IRS Commissioner Charles Rettig blamed the backlog on budget cuts and the COVID pandemic, which resulted in offices being closed for long stretches.
“There were no negative taxpayer consequences as a result of this action,” the IRS said in a statement. “Taxpayers or payers have not been and will not be subject to penalties resulting from this action.”
Rep.

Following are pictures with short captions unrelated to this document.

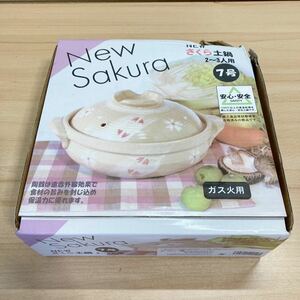 ニューさくら 土鍋 7号 2〜3人用 ガス火用 鍋 未使用 保管品 (7-3)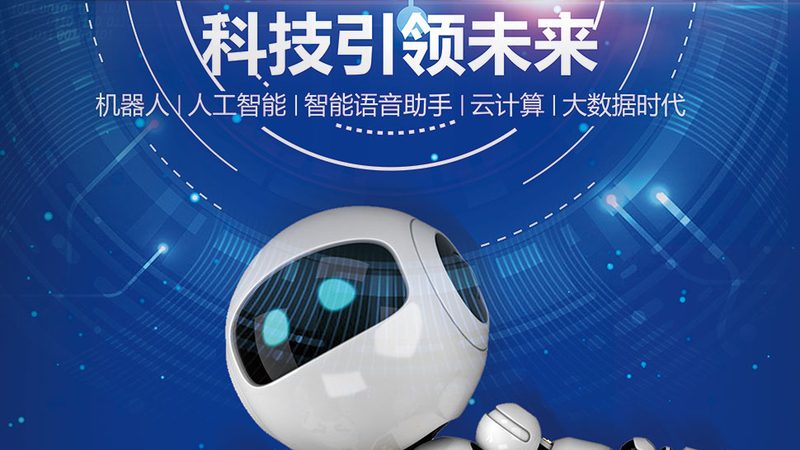 个人如何成为云服务代理？关键要素解析**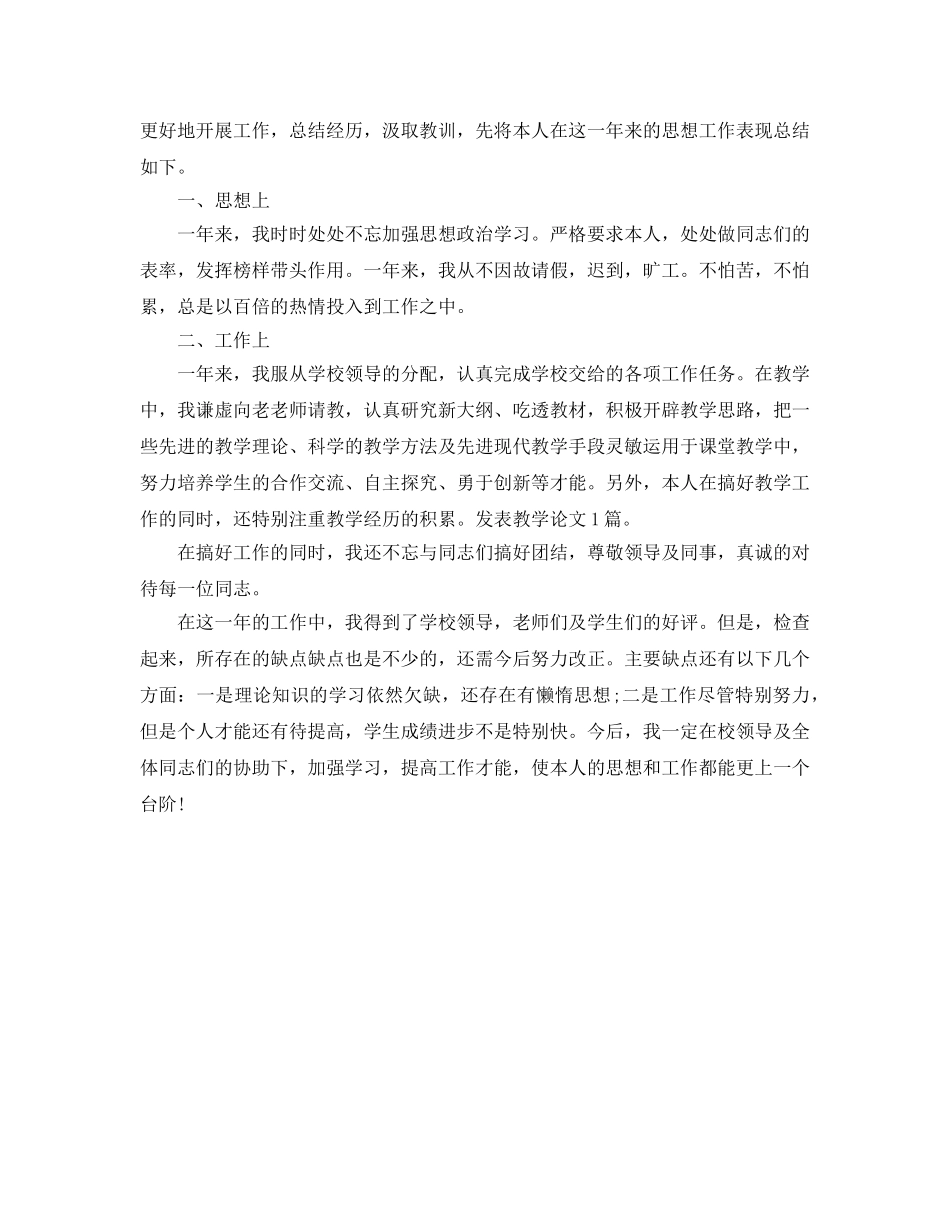年度工作参考总结-小学年度考核表个人参考总结 _第3页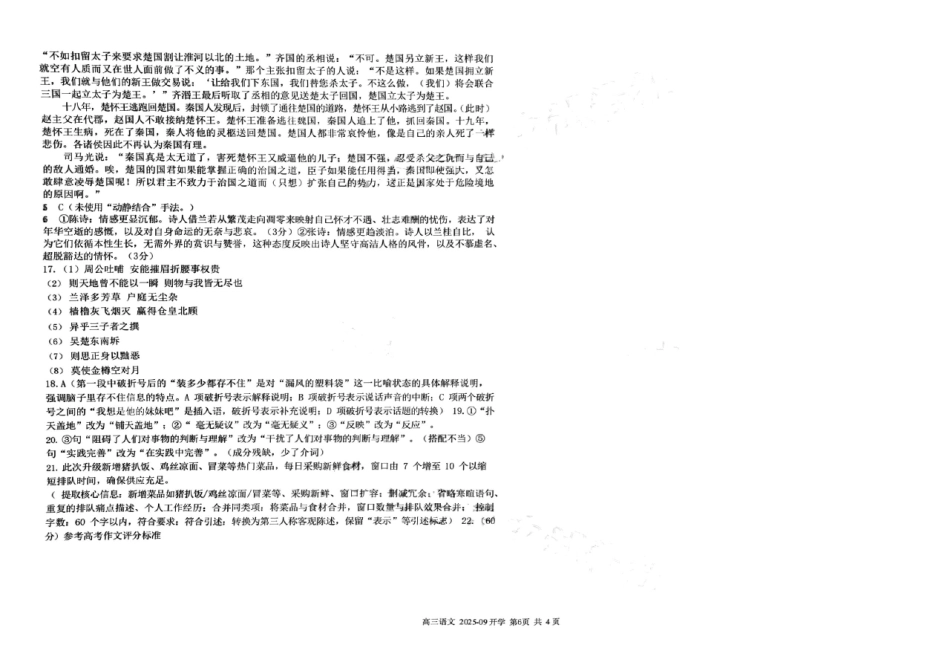 语文试卷答案【百强校】【四川卷】四川省成都树德中学高2023级(2026届)高三上开学考试(9.1-9.2).pdf_第2页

Bill Pascrell, (D-NJ), called on the Biden administration to fire Rettig over the scandal.
“The IRS is vital to public confidence in our nation and its Trump-appointed leader has failed,” said Pascrell, chair of the House Ways and Means Committee’s oversight subcommittee.
Phyllis Jo Kubey, president of the New York State Society of Enrolled Agents was shocked that the agency dumped the massive trove of documents via CNBC:
Missing information returns can cause a “mismatch” at the IRS, delaying refunds because the agency can’t verify details on a taxpayer’s returns, she explained.
While the eventual consequences of the decision are unknown, tax professionals have long complained about the stream of automated IRS notices, with limited options to reach the agency.
“If they’re not putting those into the system, there’s going to be discrepancies, which means potential notices that are sent out,” said Dan Herron, a San Luis Obispo, California-based certified financial planner and CPA with Elemental Wealth Advisors.
Although the IRS halted more than a dozen types of automated notices in February, Herron says the constant correspondence is still creating headaches for taxpayers and advisors.